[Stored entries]
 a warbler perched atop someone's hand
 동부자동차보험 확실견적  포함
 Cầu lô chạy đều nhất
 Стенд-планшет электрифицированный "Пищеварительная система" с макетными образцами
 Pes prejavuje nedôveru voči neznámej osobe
* * *
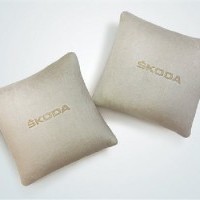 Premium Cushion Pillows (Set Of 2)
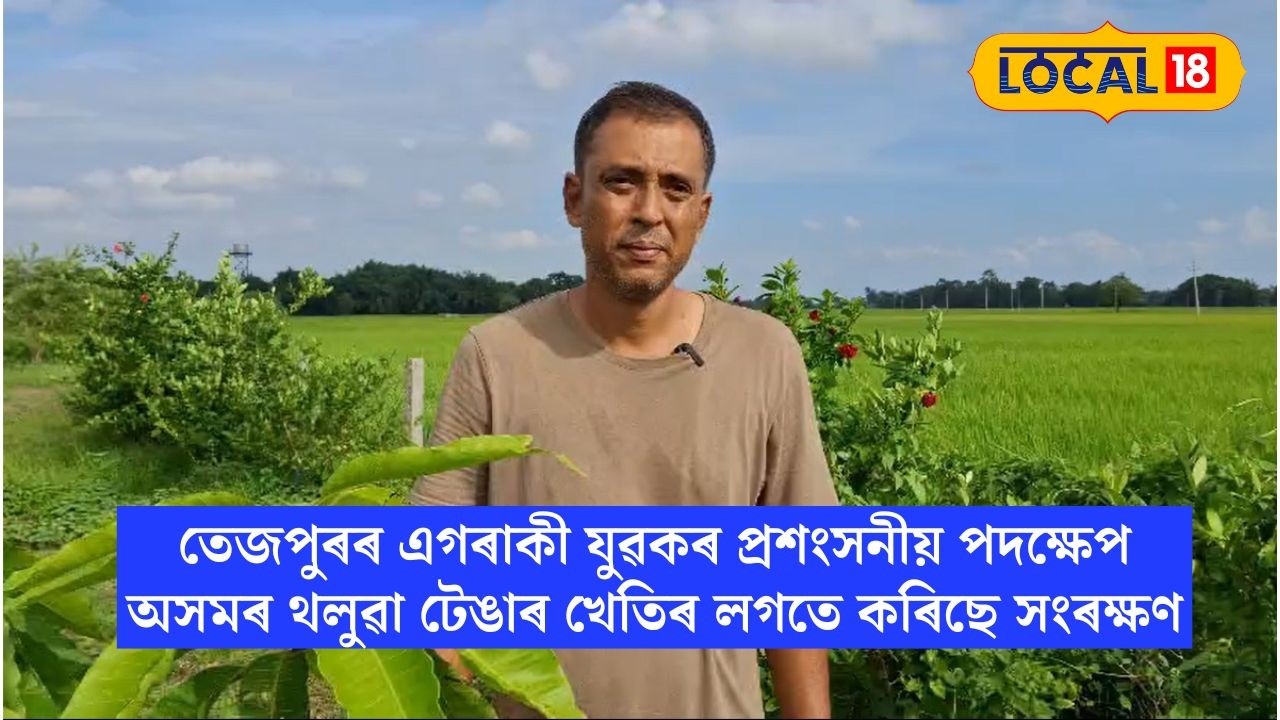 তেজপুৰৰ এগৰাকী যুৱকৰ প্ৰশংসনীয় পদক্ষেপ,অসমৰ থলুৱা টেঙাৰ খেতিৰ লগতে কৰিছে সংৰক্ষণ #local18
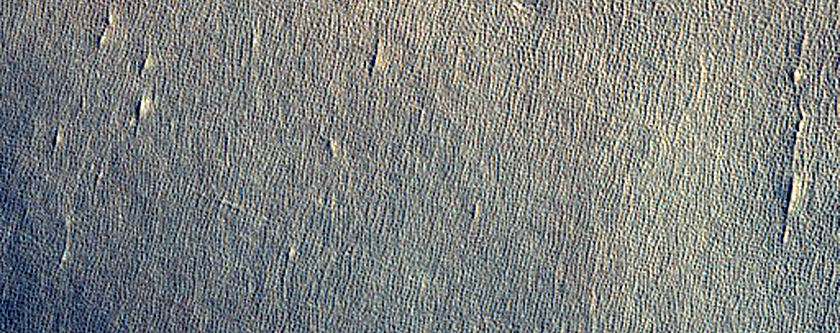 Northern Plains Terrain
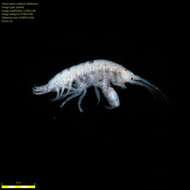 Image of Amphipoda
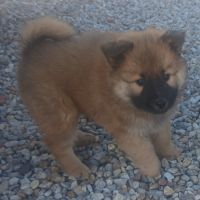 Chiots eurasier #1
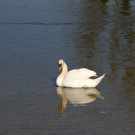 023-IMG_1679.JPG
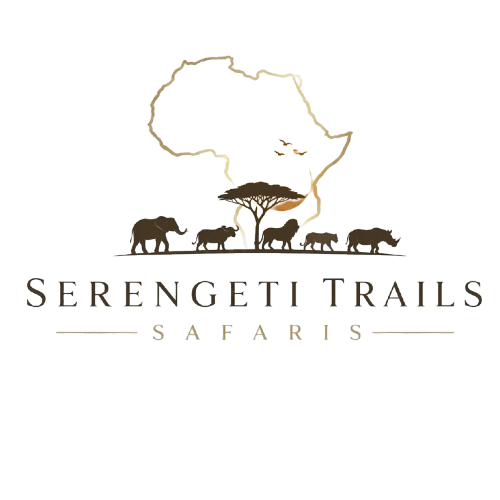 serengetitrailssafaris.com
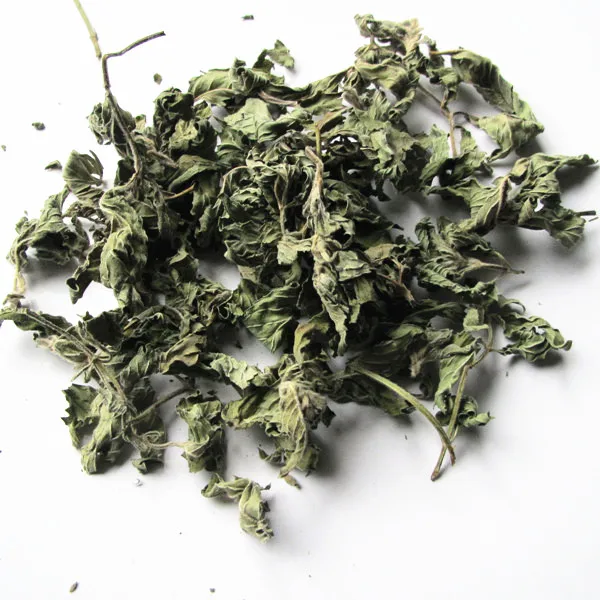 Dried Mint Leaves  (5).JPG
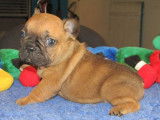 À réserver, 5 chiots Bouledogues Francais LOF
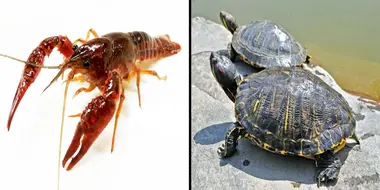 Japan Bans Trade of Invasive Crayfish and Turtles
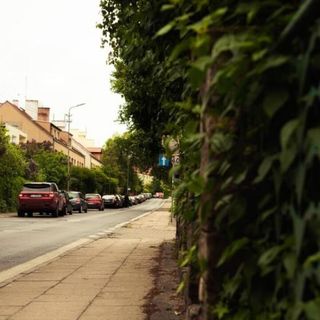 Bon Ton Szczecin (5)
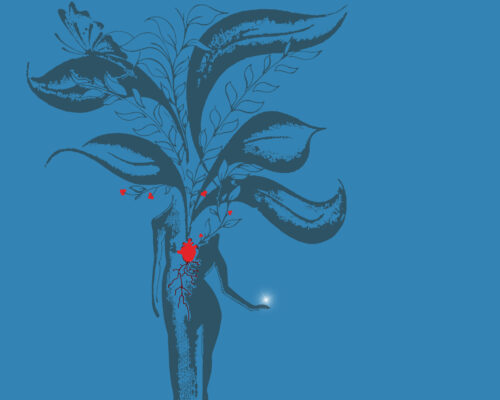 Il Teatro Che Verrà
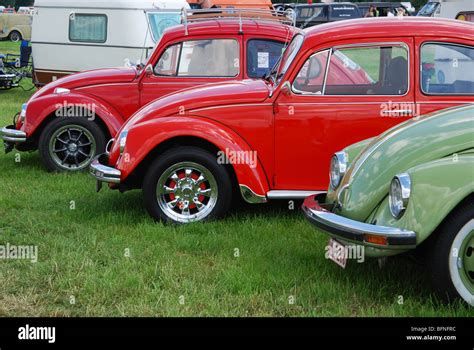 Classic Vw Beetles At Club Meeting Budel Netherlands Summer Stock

→ TRY IT
Set down only the lines above that fall between the line holding "Cầu lô chạy đều nhất" and the line holding "Pes prejavuje nedôveru voči neznámej osobe", inclusive, keeping each exact.

→ ANSWER BOX
 Cầu lô chạy đều nhất
 Стенд-планшет электрифицированный "Пищеварительная система" с макетными образцами
 Pes prejavuje nedôveru voči neznámej osobe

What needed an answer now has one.